Can anyone please explain what is wrong here?

I and M are integers and ZI is IMPLICIT REAL*8
So, I think this is okay the following line:

ZI = DCOS(FLOAT(2*( I - 1) + 1)*3.1415927/FlOAT(2*M))

but I got:

Error: ‘x’ argument of ‘dcos’ intrinsic at (1) must be double precision

Any help is appreciated.
Regards

Wow, there is a lot to unpack in that statement, and many of the
suggestions in this thread are off mark.

First, it does not matter what is the type or kind of ZI. The expression
on the right is evaluated as it stands regardless.

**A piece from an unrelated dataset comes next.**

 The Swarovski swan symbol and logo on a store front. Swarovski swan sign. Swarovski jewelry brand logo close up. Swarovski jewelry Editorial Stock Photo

Second, you almost certainly should not be using specific intrinsic
functions such as DCOS, FLOAT, DFLOAT, DBLE, and so on as many have
suggested. There are times to use those kinds of functions, when
purposely doing mixed-precision arithmetic, but your application is
probably not one of those.

So how should this be written if you want to have simple and robust
code? First, the value of PI in the expression above is single
precision. That is, it is the default real kind. If you want extended precision, then you should either declare the constant appropriately or
you should specify the appropriate kind of the literal constant and add
in the missing digits. Let's do it like this, not because this is
inherently better than other approaches, but because no one else has
suggested this yet.

integer, parameter :: wp = selected_real_kind(14)
REAL(WP), PARAMETER:: PI = 4 * ATAN(1.0_wp)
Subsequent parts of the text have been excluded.